## Work to complete
Set down exactly the lines below between the line holding "Ancienne école proche AUFFAY" and the line holding "Building Photo - 3354 Greenview Terrace W", inclusive; no other line belongs in the answer.
------------
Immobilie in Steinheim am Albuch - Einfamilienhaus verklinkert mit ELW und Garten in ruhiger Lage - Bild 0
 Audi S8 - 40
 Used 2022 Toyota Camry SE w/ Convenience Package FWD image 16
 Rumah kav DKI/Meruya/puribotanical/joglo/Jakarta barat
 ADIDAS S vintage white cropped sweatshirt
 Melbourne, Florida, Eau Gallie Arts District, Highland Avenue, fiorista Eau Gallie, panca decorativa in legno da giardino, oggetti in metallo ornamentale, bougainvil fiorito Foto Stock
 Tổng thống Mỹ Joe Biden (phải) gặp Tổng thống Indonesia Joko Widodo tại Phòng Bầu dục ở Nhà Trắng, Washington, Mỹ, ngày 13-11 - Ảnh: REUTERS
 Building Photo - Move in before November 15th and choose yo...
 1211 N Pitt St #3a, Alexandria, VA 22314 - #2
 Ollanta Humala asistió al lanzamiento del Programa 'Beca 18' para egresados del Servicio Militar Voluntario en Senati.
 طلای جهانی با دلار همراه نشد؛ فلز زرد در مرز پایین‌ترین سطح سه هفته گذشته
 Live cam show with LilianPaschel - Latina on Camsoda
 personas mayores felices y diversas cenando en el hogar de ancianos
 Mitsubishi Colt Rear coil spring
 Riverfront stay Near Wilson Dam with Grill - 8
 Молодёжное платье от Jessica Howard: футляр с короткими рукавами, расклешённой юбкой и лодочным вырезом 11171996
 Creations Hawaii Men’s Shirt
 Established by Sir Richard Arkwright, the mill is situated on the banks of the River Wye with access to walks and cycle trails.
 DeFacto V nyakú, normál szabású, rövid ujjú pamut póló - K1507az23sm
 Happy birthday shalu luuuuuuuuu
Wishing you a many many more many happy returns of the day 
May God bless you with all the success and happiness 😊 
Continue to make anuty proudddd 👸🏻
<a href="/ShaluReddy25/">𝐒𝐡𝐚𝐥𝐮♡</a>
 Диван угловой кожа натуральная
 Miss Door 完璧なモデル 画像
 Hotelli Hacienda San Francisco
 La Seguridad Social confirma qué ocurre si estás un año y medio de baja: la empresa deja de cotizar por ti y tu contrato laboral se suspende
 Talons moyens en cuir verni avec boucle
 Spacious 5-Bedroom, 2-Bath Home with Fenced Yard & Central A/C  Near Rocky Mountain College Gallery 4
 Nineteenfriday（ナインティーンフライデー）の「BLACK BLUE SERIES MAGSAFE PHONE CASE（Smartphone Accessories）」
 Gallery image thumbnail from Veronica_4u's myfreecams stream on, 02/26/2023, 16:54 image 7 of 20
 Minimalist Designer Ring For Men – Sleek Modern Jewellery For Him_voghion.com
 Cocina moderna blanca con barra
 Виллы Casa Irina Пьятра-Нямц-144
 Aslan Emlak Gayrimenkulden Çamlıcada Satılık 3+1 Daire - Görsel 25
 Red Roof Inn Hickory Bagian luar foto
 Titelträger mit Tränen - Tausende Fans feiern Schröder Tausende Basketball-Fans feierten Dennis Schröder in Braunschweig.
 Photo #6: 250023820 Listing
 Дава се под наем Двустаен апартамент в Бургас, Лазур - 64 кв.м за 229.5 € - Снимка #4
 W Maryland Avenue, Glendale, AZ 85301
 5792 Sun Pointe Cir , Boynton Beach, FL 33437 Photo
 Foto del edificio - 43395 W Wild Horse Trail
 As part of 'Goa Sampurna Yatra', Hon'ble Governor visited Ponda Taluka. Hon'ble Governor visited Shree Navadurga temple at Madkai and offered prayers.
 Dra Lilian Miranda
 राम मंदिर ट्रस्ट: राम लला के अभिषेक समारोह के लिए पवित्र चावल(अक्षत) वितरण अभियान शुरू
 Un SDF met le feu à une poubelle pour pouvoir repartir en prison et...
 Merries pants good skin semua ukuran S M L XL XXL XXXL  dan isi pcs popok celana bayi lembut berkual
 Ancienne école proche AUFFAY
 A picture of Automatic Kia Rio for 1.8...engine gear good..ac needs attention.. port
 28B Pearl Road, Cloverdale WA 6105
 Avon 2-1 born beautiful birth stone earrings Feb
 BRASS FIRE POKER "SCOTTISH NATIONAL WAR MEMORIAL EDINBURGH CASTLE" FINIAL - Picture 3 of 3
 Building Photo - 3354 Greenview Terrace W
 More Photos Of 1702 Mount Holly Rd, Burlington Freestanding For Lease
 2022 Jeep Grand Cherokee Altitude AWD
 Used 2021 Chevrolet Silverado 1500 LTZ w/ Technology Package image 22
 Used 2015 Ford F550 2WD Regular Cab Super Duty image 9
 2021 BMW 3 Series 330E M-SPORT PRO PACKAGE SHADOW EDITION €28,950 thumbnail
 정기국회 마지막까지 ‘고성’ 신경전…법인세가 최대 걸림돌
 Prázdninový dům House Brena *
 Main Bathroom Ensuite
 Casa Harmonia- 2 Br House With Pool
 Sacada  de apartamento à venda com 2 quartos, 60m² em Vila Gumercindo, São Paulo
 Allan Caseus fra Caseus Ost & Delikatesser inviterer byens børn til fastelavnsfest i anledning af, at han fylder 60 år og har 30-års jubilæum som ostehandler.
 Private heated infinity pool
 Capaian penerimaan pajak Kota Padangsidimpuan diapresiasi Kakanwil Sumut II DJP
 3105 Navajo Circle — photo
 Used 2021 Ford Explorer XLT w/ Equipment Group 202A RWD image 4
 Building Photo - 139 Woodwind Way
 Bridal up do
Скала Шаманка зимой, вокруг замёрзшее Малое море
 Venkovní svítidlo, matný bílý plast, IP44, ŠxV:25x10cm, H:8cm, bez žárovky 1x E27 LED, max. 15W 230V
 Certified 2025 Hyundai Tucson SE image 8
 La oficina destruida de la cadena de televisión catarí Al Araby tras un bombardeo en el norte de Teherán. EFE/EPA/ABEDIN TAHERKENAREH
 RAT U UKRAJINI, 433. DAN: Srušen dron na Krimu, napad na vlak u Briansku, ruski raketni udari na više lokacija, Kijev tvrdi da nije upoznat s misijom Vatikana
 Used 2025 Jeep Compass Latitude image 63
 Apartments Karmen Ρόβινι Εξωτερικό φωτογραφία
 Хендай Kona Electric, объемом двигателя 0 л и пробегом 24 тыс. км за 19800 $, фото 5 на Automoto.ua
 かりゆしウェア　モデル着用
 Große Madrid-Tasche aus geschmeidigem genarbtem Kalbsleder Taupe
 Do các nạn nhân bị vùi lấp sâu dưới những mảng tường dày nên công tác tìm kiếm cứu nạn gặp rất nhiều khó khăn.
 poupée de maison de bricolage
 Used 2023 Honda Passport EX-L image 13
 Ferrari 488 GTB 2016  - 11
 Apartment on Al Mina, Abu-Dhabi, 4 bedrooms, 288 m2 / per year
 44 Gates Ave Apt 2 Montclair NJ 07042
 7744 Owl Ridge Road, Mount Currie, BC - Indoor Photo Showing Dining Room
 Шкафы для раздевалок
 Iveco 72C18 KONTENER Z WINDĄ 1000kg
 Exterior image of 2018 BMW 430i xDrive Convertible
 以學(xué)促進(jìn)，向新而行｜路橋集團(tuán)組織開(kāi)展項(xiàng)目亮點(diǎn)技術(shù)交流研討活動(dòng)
------------
## The answer
 Ancienne école proche AUFFAY
 A picture of Automatic Kia Rio for 1.8...engine gear good..ac needs attention.. port
 28B Pearl Road, Cloverdale WA 6105
 Avon 2-1 born beautiful birth stone earrings Feb
 BRASS FIRE POKER "SCOTTISH NATIONAL WAR MEMORIAL EDINBURGH CASTLE" FINIAL - Picture 3 of 3
 Building Photo - 3354 Greenview Terrace W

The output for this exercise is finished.